Greifswald sucht den Superstar! Am Sonntagabend werden im Café Koeppen zehn Songs präsentiert, die der Hansestadt auf den Leib geschrieben wurden. 

Es ist wohl eines der unterhaltsamsten Programme, die hierorts in den letzten Jahren erdacht und auf die Bühne gebracht worden sind: Der musikalische Wettbewerb „Ein Song für Greifswald“ bohrt dicke Bohlen und spendiert dem quotenstarken Fernsehformat Casting-Show eine Kleinkunstkur.
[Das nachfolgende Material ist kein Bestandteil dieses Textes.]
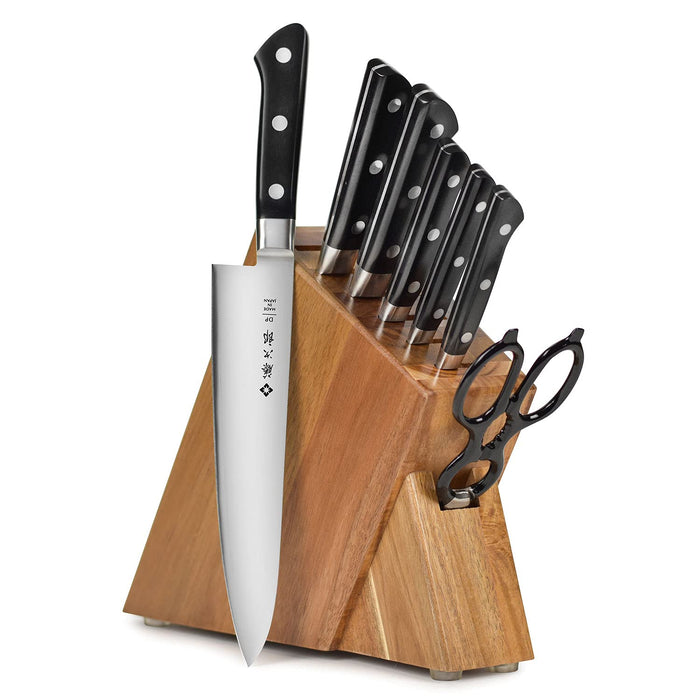 Tojiro Dp Slim Acacia 8-Piece Knife Block Set - Premium Japanese Cutlery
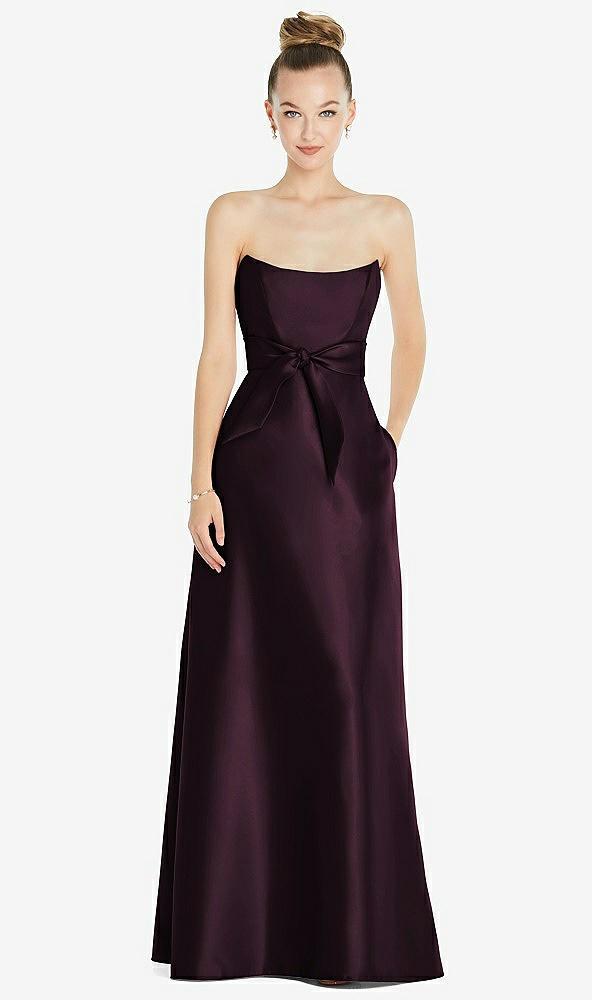 basque-neck strapless satin gown with mini sash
Zehn Greifswalder geben ihre musikalischen Liebeserklärungen an ihre (Wahl)Heimat zum Besten.

song für greifswald

(Foto: Fleischervorstadt-Blog)

Mit dabei sind unter anderem Patricia Hochbinder Fassheim („David am Ryck“), Lucas Schwarz („Ist Wieck ein Feuer“) und Marie Waschniak („Die Dicke Marie“), die ihre Perspektiven auf Greifswald und seine Kruppkollegen vertonen. In den Hauptrollen sind Hannes Rittig und Katja Klemt zu erleben, die während ihrer Auftritte vom Pianisten Artur Apinyan (Artur und Band) begleitet werden — geschmackvoll, auf den Punkt, aber niemals zu dominant. Das Publikum stellt die Jury und wählt am Ende des Abends den besten Song aus und  — so viel sei an dieser Stelle bereits verraten — diese Auswahl fällt nicht leicht. Punktgenauer als mit GSDS lässt sich ein grauer Sonntagabend im November hier kaum rumkriegen, versprochen!